W nocy z soboty na niedzielę (11/12 grudnia) przeprowadzono masowe kontrole pojazdów oferujących przejazd z użyciem aplikacji. Policjanci zatrzymali Ukraińca bez licencji i prawa jazdy, za to po spożyciu środków odurzających, a także Gruzina, który ranił nożem pasażerów.
Zaatakował i uciekł
– Pogotowie ratunkowe zabrało rannych mężczyzn do szpitala. Obrażenia nie zagrażały ich życiu, jednak wymagały zaopatrzenia medycznego. 37-latek został zatrzymany przez patrol w centrum miasta. Policjanci zauważyli toyotę, którą sprawca oddalił się z miejsca zdarzenia – mówi mł. insp. Sebastian Gleń, rzecznik prasowy małopolskiej policji.
Mężczyzna na swoim ubraniu posiadał ślady krwi, natomiast w pojeździe znajdował się nóz. Kierowca został zatrzymany, natomiast jego samochód został odholowany na policyjny parking. W poniedziałek 37-latek usłyszał zarzuty spowodowania naruszenia czynności narządów ciała. Grozi mu kara do pięciu lat pozbawienia wolności, przy czym za występek o charakterze chuligańskim może ona zostać zwiększona.
Fałszywy taksówkarz nie miał nawet prawa jazdy
Wcześniej policjanci zatrzymali 37-letniego obywatela Ukrainy, który udawał taksówkarza. Jako nieuprawniony posiadał na samochodzie oznaczenie taksówki. Mężczyzna nie miał uprawnień do kierowania i licencji na przewozy. Był pod wpływem środków odurzających i posiadał przy sobie mefedron.

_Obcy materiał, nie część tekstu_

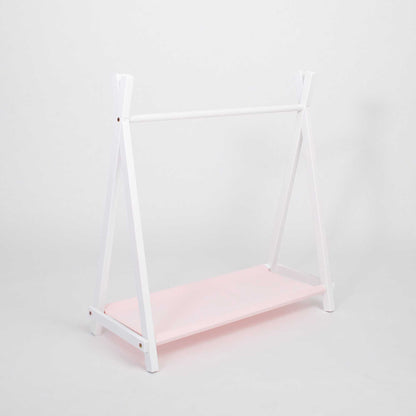 A white Kids' clothing rack with storage featuring a pink shelf for Montessori-inspired storage.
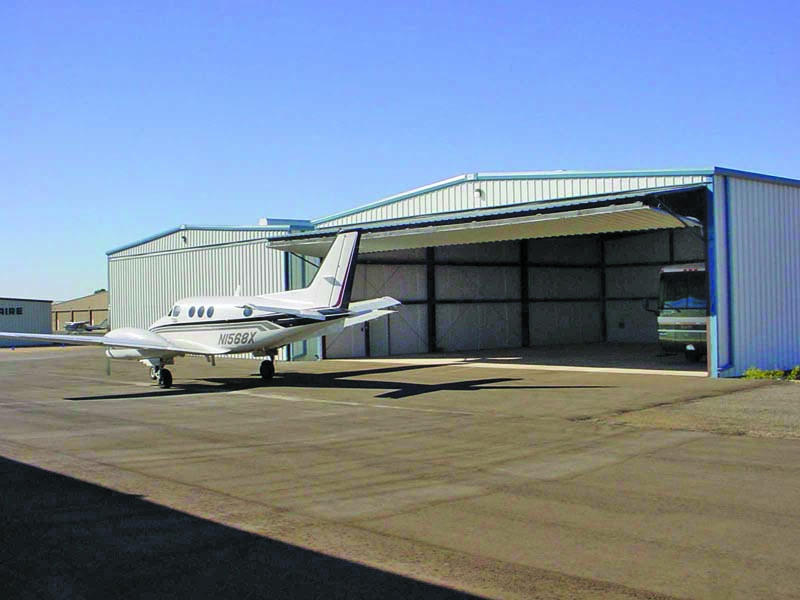 (Clockwise from top left) Agate, Inc. built 14 hangars at Ryan Field Airpark in Tucson, Ariz.; three executive hangars and 10 nested hangars with bi-fold doors at the airport in Kingman, Ariz.; and six T-hangars with 38-foot sliding doors at the Wickenburg, Ariz., airport. 
Agate, Inc. photos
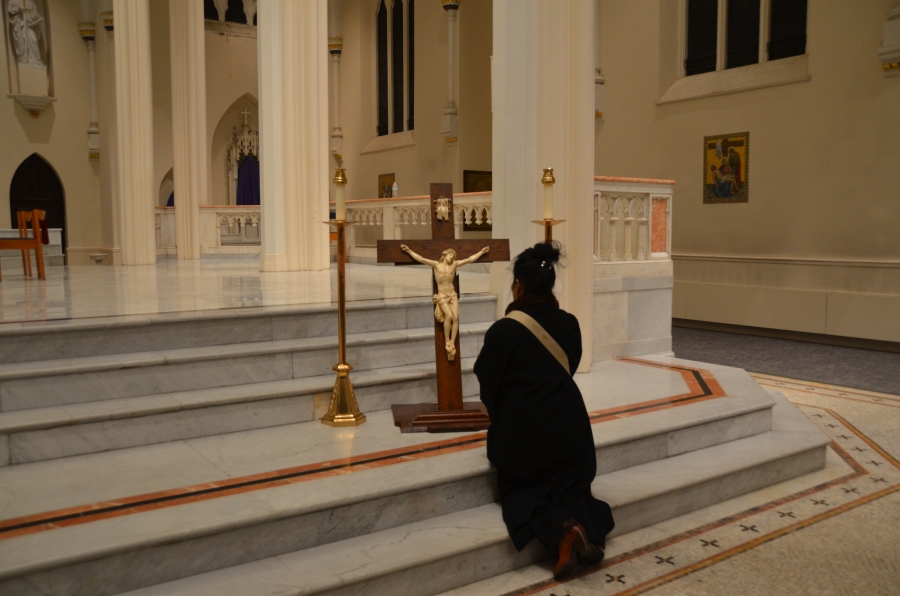 Woman kneeling at the cross.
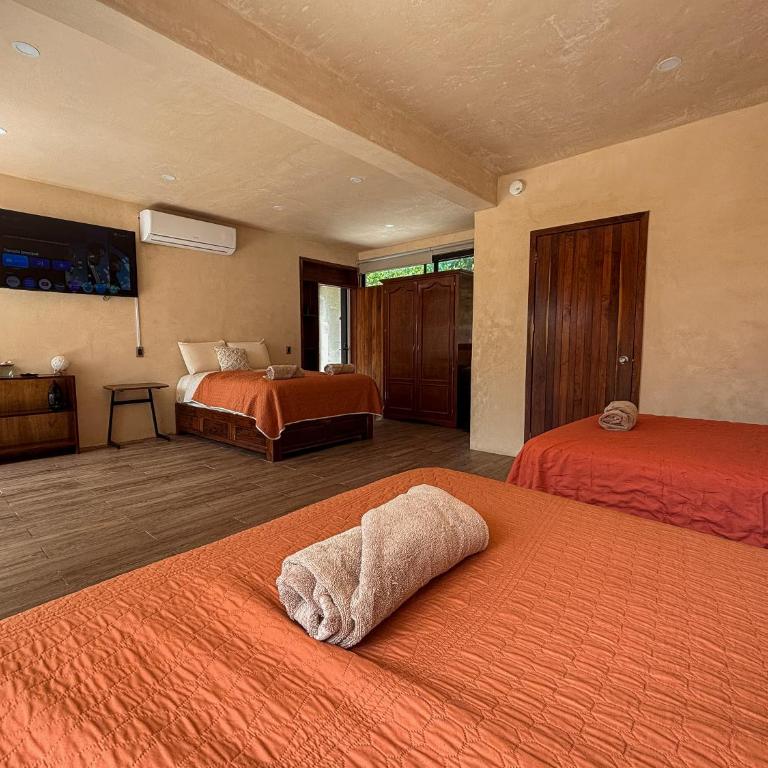 Villas Mandarina Bacalar - Habitación Triple con vistas al jardín - 2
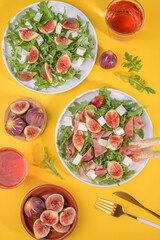 Autumn figs salad with arugula, feta, raw ham in two white plate on yellow background served with rose wine. Flexitarian diet, paleo diet fall or summer salad, top view, flat lay, vertical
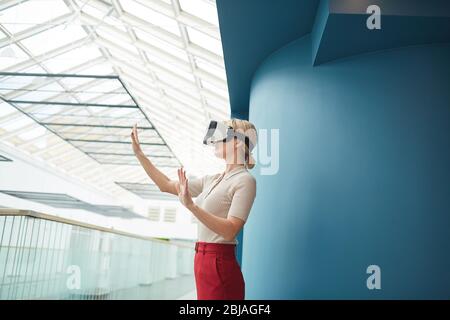 Giovane donna d'affari con capelli biondi indossando occhiali virtuali gesturing in ufficio Foto Stock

– Odpowie za posiadanie zabronionych substancji, za co grozi mu kara do trzech lat pozbawienia wolności. Jeśli badania krwi potwierdzą, że prowadził pojazd pod wpływem narkotyków, odpowie również za to przestępstwo, za które grożą dwa lata odsiadki. Za kierowanie bez uprawnień zostanie wobec niego skierowany wniosek o ukaranie do sądu, który może na niego nałożyć do 30 tysięcy złotych grzywny. Za brak licencji grozi kara administracyjna (po przeprowadzeniu postępowania przez Inspektora Transportu Drogowego) w wysokości 12 tysięcy złotych.